In summary, our results from the differentiation of human osteoclasts in vitro in the presence of VIP indicate that its direct anti-osteoclastogenic effect is present in human cells, impairing both differentiation and resorption activity, mainly through the negative regulation of NFATc1. In addition, our findings on the relationship between serum levels of VIP and bone metabolism markers in early arthritis patients are in line with our hypothesis about bone-protective effects of VIP in humans, and also point out that in addition to exerting a direct inhibitory effect on osteoclasts, this neuropeptide seems to regulate the RANK/RANKL/OPG system.
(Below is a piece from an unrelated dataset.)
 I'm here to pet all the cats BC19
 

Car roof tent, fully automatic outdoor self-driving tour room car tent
Therefore, although other molecular mechanisms underlying the VIP anti-osteoclastogenic effects need to be explored, our present results could contribute to establishing the basis to validate the potential of VIP in the improvement of bone homeostasis in RA patients.

Author Contributions

Conceptualization, D.C.-V., M.C. and R.P.G.; methodology, D.C.-V., A.L., P.A.-C., I.G.-C. and M.C.; software, D.C.-V., P.A.-C. and R.V.-R.; validation, A.L. and I.G.-C.; formal analysis, D.C.-V., A.L. and P.A.-C.; investigation, D.C.-V., P.A.-C., R.P.G. and M.C.; resources, A.L., C.M., Y.J. and I.G.-Á.; data curation, D.C.-V., A.L. and S.P.-G.; writing—original draft preparation, D.C.-V., M.C. and R.P.G.; writing—review and editing, I.G.-C., P.A.-C., R.V.-R., S.P.-G., C.M., Y.J., S.F.d.C. and I.G.-Á.; supervision, Y.J., I.G.-Á. and R.P.G.; project administration, Y.J., I.G.-Á. and R.P.G.; funding acquisition, Y.J., I.G.-Á. and R.P.G. All authors have read and agreed to the published version of the manuscript.

Funding

This research was funded by the Fondo de Investigación Sanitaria, Instituto de Salud Carlos III, grant numbers PI17/00027, PI20/00078, RD16/0012/0008 and RD16/0012/0011, co-financed by Fondo Europeo de Desarrollo Regional (FEDER).
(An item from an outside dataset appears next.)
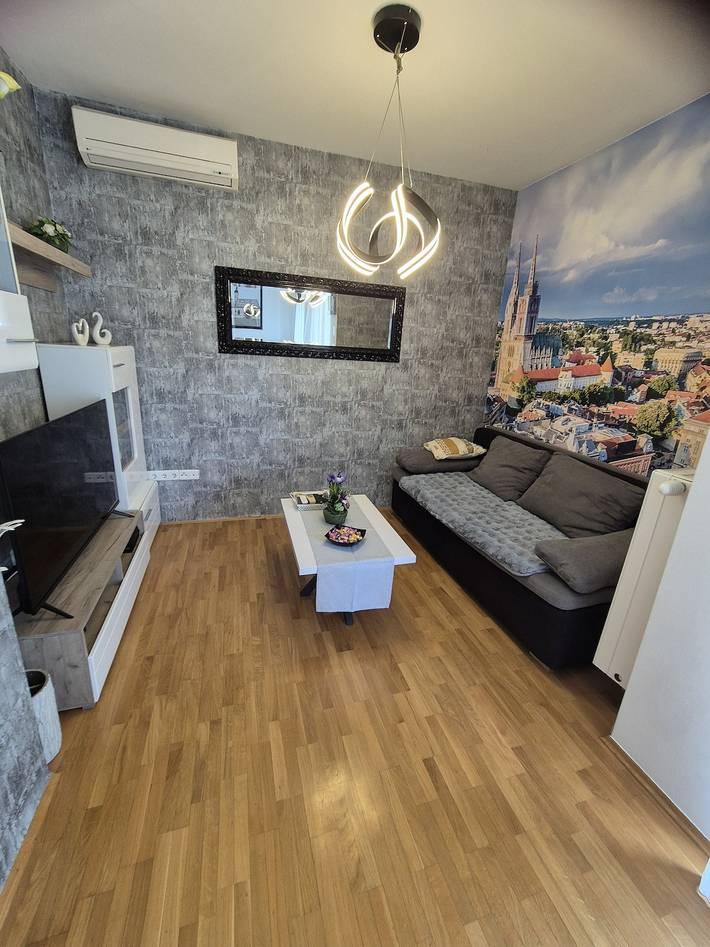 Ferienwohnung für 4 Personen, mit Balkon in Zagreb - 2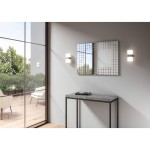 Specchio con Cornice Moderna Argento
Institutional Review Board Statement

All subjects gave their informed consent for inclusion before they participated in the study. The study was conducted in accordance with the Declaration of Helsinki, and the protocol was approved by the Ethics Committee of Instituto de Investigación Sanitaria La Princesa (PI-518).

Informed Consent Statement

Informed consent was obtained from all subjects involved in the study.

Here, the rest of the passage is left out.